Details have been added in methods to indicate this was informed consent.

4) PLOS ONE requires experimental methods to be described in enough detail to allow suitably skilled investigators to fully replicate and evaluate your study. See https://journals.plos.org/plosone/s/submission-guidelines#loc-materials-and-methods for more information.

To comply with PLOS ONE submission guidelines, in your Methods section, please provide a more detailed description of your methodology, specifically for assays measuring IgA, IgG, and secretory-type Abs. Please ensure that you describe the sources and catalog numbers (if applicable) of all kits, proteins, antibodies, equipment, etc. in the methods section of your manuscript.

Methodology has been more clearly described, with catalogue numbers added.

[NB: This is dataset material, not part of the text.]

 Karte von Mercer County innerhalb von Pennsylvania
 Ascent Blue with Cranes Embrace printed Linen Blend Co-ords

5) In your Methods section, please provide additional information about the participant recruitment method and the demographic details of your participants. Please ensure you have provided sufficient details to replicate the analyses such as:

a) the recruitment date range (month and year),

b) where patients were recruited from,

c) a table of relevant demographic details,

d) a statement as to whether your sample can be considered representative of a larger population, and

e) a description of how participants were recruited.

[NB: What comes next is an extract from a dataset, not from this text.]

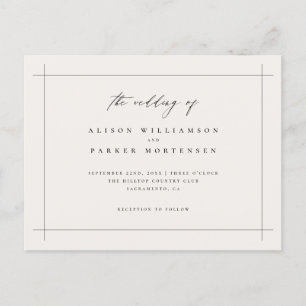 Elegant Minimal Black & Ivory Typography Wedding Uitnodiging Briefkaart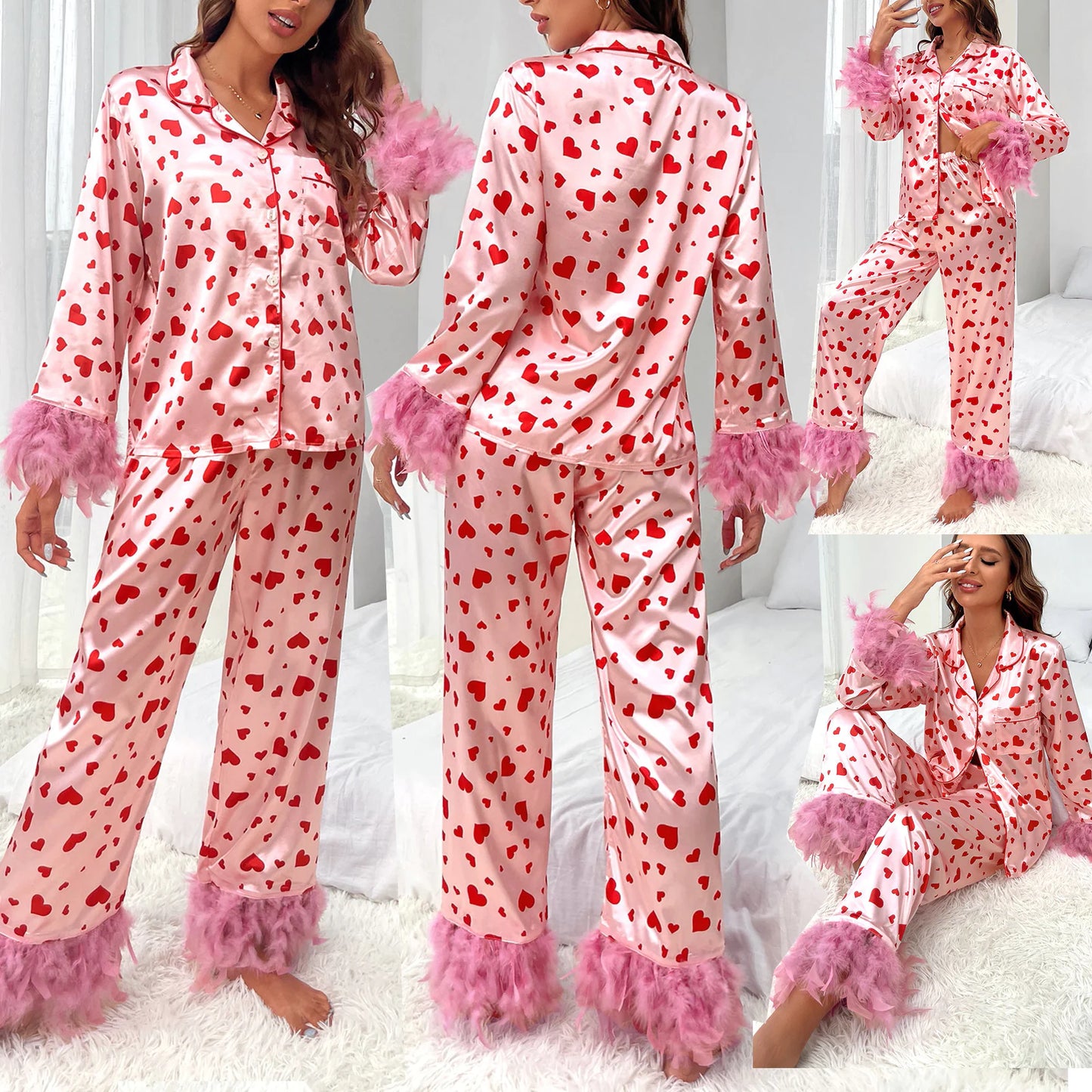 Trendy Heart Design Pajama Set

Information on all participants has been added as requested in Table 1. Method of recruitment and date range have been added to the methods section. We now state that given the diversity of participant ages and stages of lactation, this study sample can be considered representative of a larger population. Notably, 67% of COVID-19-recovered participants reported their race/ethnicity as white or Caucasian, and therefore this sample set is not diverse enough to be considered representative of the USA as a whole. More work needs to be done to obtain sufficient samples from non-white participants.

6) In your Methods section, please provide additional details regarding the cell lines and reporter viruses used in your study. Please include the source from which you obtained the cells or virus, the catalog numbers if applicable, whether the cell line was verified, and if so, how it was verified. For more information on PLOS ONE's guidelines for research using cell lines, see https://journals.plos.org/plosone/s/submission-guidelines#loc-cell-lines.

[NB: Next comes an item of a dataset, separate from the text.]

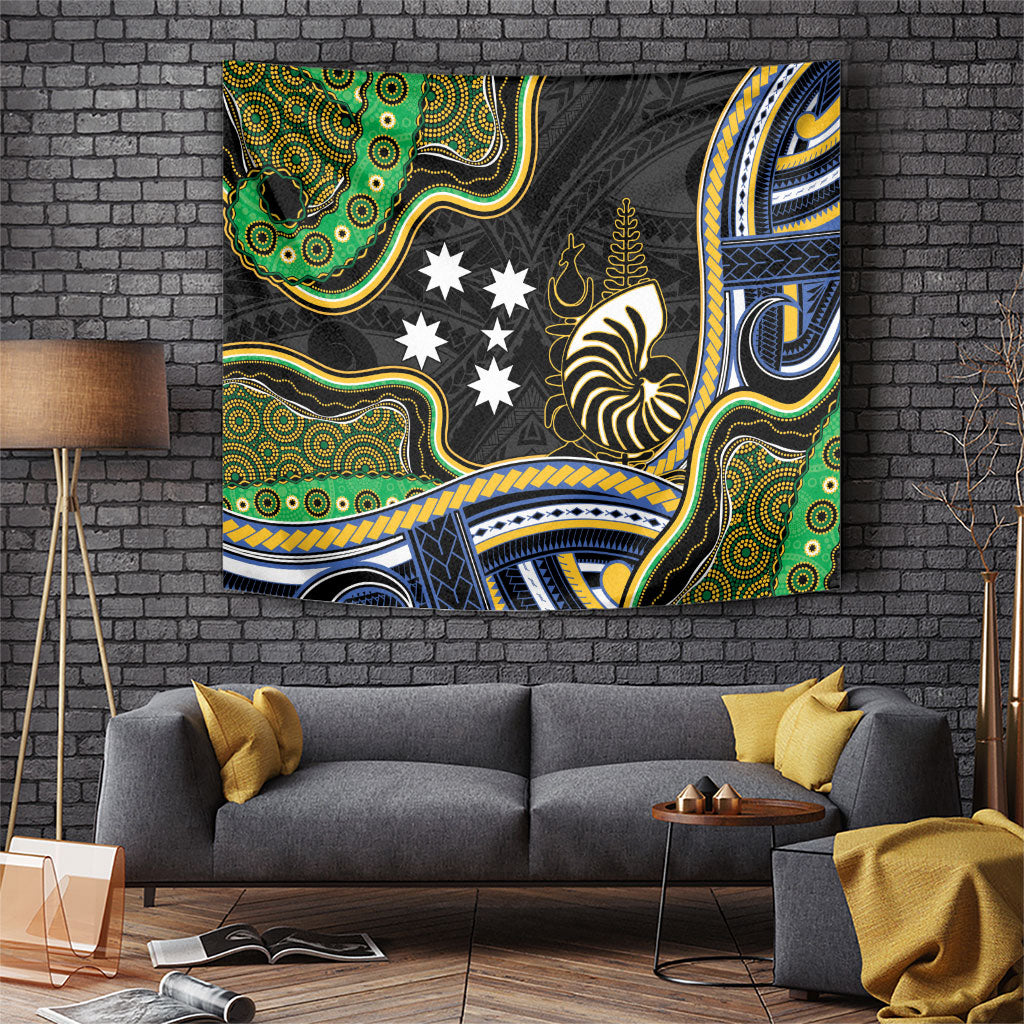 South Sea Islanders And New Caledonia Tapestry Nautilus Shell Southern Cross Tribal Pattern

Cell line and reporter virus information has been added as requested in the methods section.

7) We note that you have included the phrase “data not shown” in your manuscript. Unfortunately, this does not meet our data sharing requirements. PLOS does not permit references to inaccessible data. We require that authors provide all relevant data within the paper, Supporting Information files, or in an acceptable, public repository. Please add a citation to support this phrase or upload the data that corresponds with these findings to a stable repository (such as Figshare or Dryad) and provide and URLs, DOIs, or accession numbers that may be used to access these data. Or, if the data are not a core part of the research being presented in your study, we ask that you remove the phrase that refers to these data.

References to data not shown have been replaced with supplemental data (S1 Fig) as well as addition of data values to description of Fig 3 and the figure itself.

Reviewer Comments:

Reviewer #1: This manuscript reported that secretory IgA response was dominant among the human milk samples and the duration of IgA was 4-10 months. The authors also observed that IgA binding (ELISA) and neutralization capacities (spike-pseudotyped VSV) were positively correlated. These findings have already reported in previous studies. The authors have confirmed the previous studies but the new key findings that increase the knowledge in the field of SARS-CoV-2-specific antibodies in human milk are missed in this study.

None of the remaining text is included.